■ PROBLEM TO WORK ON ■
Below are some entries; write out each one of them exactly.

[Collected data]

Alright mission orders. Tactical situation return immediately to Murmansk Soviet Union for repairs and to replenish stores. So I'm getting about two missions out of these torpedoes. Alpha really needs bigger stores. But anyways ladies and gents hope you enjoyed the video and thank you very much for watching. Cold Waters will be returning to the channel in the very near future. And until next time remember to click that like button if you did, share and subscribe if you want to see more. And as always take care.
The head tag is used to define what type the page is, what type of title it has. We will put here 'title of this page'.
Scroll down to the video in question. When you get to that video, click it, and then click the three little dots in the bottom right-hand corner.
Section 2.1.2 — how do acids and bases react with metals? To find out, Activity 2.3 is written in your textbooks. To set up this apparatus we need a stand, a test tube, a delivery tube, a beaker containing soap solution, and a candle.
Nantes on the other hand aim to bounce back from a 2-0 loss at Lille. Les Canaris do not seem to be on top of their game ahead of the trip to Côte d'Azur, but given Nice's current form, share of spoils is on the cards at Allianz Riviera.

■ RESULT FOR THIS TASK ■
Alright mission orders. Tactical situation return immediately to Murmansk Soviet Union for repairs and to replenish stores. So I'm getting about two missions out of these torpedoes. Alpha really needs bigger stores. But anyways ladies and gents hope you enjoyed the video and thank you very much for watching. Cold Waters will be returning to the channel in the very near future. And until next time remember to click that like button if you did, share and subscribe if you want to see more. And as always take care.
The head tag is used to define what type the page is, what type of title it has. We will put here 'title of this page'.
Scroll down to the video in question. When you get to that video, click it, and then click the three little dots in the bottom right-hand corner.
Section 2.1.2 — how do acids and bases react with metals? To find out, Activity 2.3 is written in your textbooks. To set up this apparatus we need a stand, a test tube, a delivery tube, a beaker containing soap solution, and a candle.
Nantes on the other hand aim to bounce back from a 2-0 loss at Lille. Les Canaris do not seem to be on top of their game ahead of the trip to Côte d'Azur, but given Nice's current form, share of spoils is on the cards at Allianz Riviera.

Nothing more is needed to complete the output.